Everyone is creative. This belief runs through everything we do at IDEO, and in 2013, it led my brother David and me to write a book that would help others—even those who don’t think of themselves as “creative types”—to unleash their creative potential. Creative Confidence has inspired thousands of people to adopt a creative mindset and apply it to the diverse real-world challenges they face. In this series, we’ll share some exercises from the book that can help you approach your challenges from a new perspective.
Here’s one quick, simple exercise to get creative muscles warmed up. We learned it from David’s mentor, Bob McKim, back when David was a product design student.
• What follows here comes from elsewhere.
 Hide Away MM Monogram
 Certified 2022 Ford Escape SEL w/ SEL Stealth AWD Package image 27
It’s called Thirty Circles, and you can do it on your own or in a group. The goal is to push people to test their creativity by turning circles into recognizable objects in a very short period of time.
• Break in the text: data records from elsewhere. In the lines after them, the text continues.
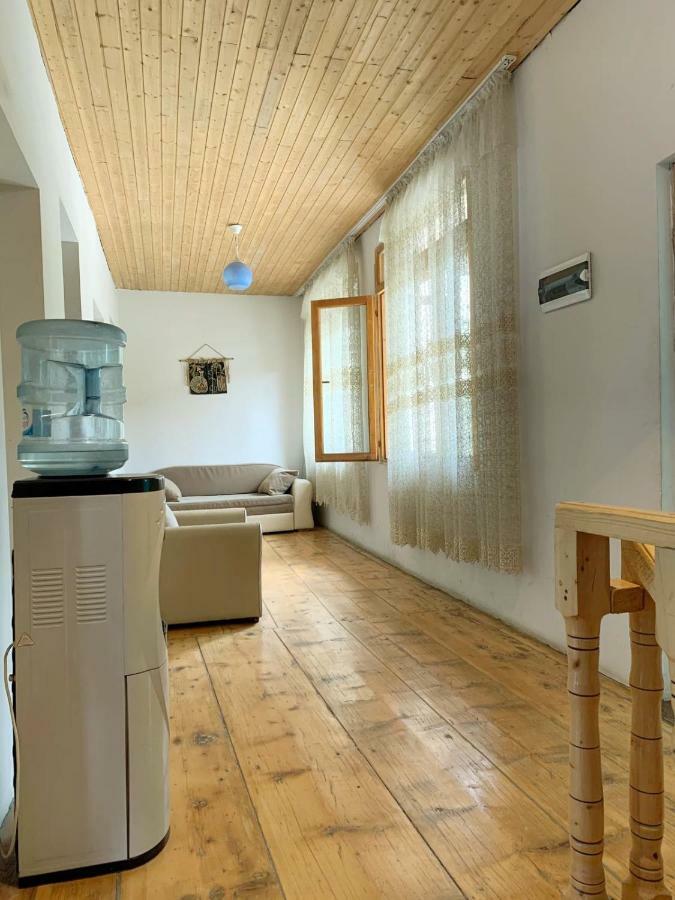 Guest House Lela Mestia Exterior foto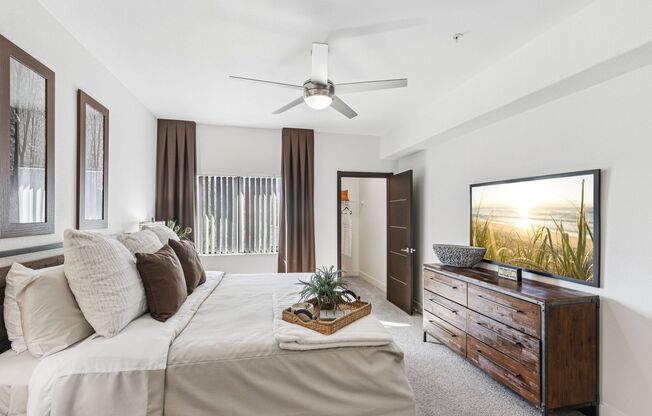 1 bed, 1 bath, 898 sqft, $1,430, Unit 1053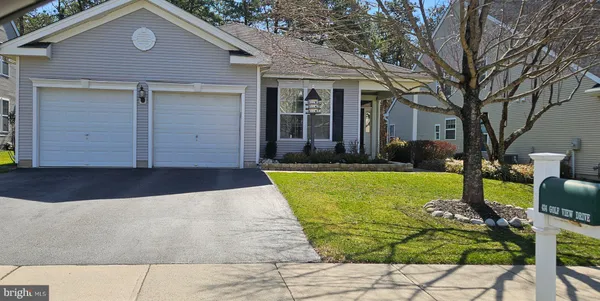 a view of a house with backyard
Tool: Thirty Circles Exercise
Participants: Solo or groups of any size
Time: 3 minutes, plus discussion
Supplies: Pen and a piece of paper (per person) with 30 blank circles on it of approximately the same size. (Template here. We recommend printing it on an oversized sheet of paper. You can also just ask everyone to draw their own 30 circles on a blank piece of paper.)
Step 1: Give each participant one 30 Circles sheet of paper and something to draw with.
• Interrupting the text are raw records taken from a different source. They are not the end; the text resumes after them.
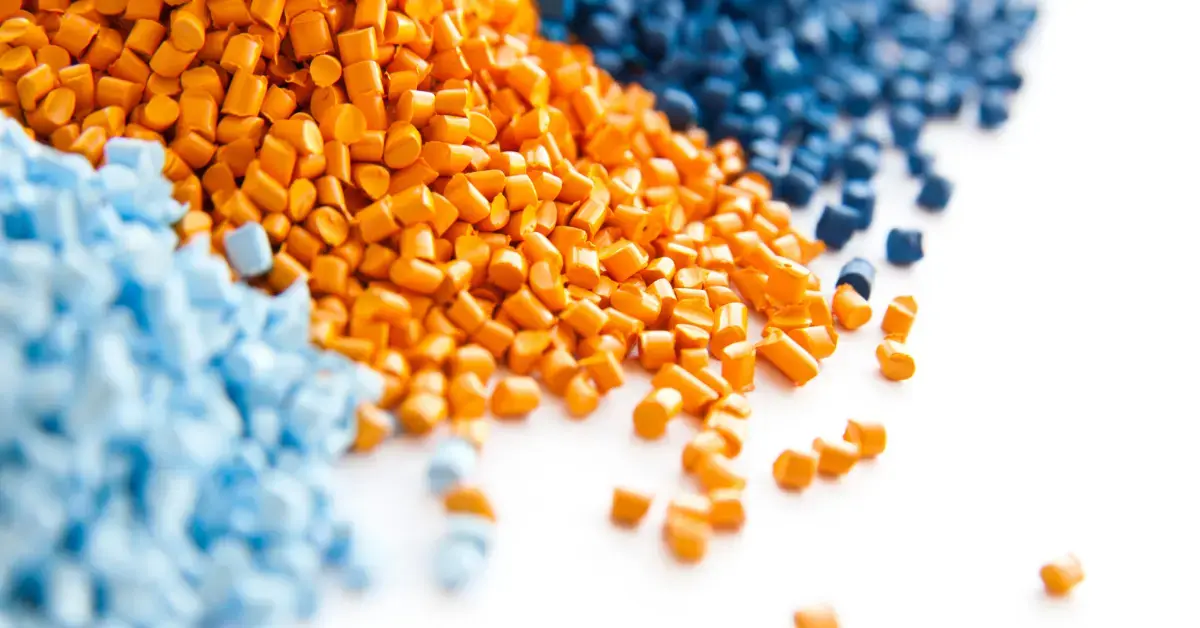 Farbige Polymergranulate als Ausgangsmaterial für die Herstellung von Medizinprodukten – Symbol für Materialauswahl, Biokompatibilität und regulatorische Anforderungen nach MDR.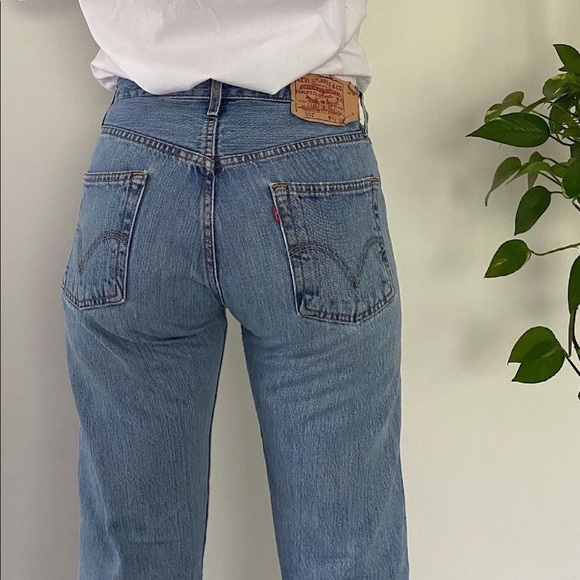 Light Wash Levis - Picture 2 of 4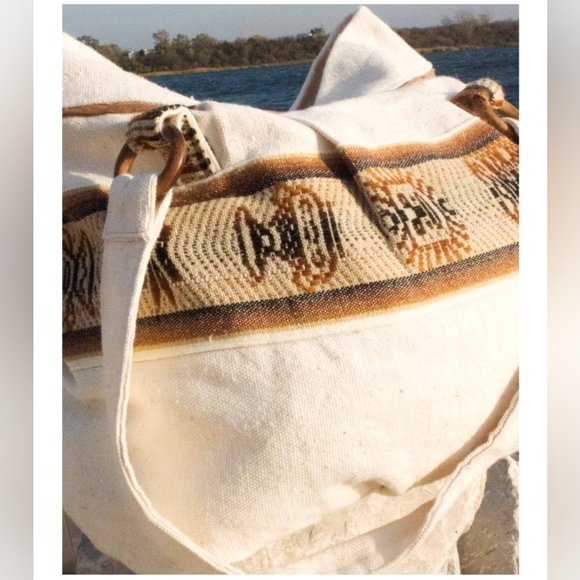 CLASH, shoulder tote. - Picture 4 of 4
Step 2: Turn as many of the blank circles as possible into recognizable objects in three minutes (think clock faces, billiard balls, etc.)
Step 3: Compare results. Look for the quantity or fluency of ideas. How many people filled in ten, fifteen, twenty or more circles? (Typically most people don’t finish.) Next, look for diversity or flexibility in ideas. See if the ideas are derivative (a basketball, a baseball, a volleyball) or distinct (a planet, a cookie, a happy face). Did anyone “break the rules” and combine circles (a snowman or a traffic light)? Were the rules explicit, or just assumed?
Besides being a great warm-up exercise, Thirty Circles offers a quick lesson about ideation. When you generate ideas, you are balancing two goals: fluency (the speed and quantity of ideas) and flexibility (ideas that are truly different and distinct). We know from experience that it’s easier to have a great idea if you have many to choose from. But if you have a lot of ideas that are just variations on a theme, you might really only have one idea with twenty-nine other versions. When you combine fluency and flexibility, you can generate a rich array of concepts to choose from.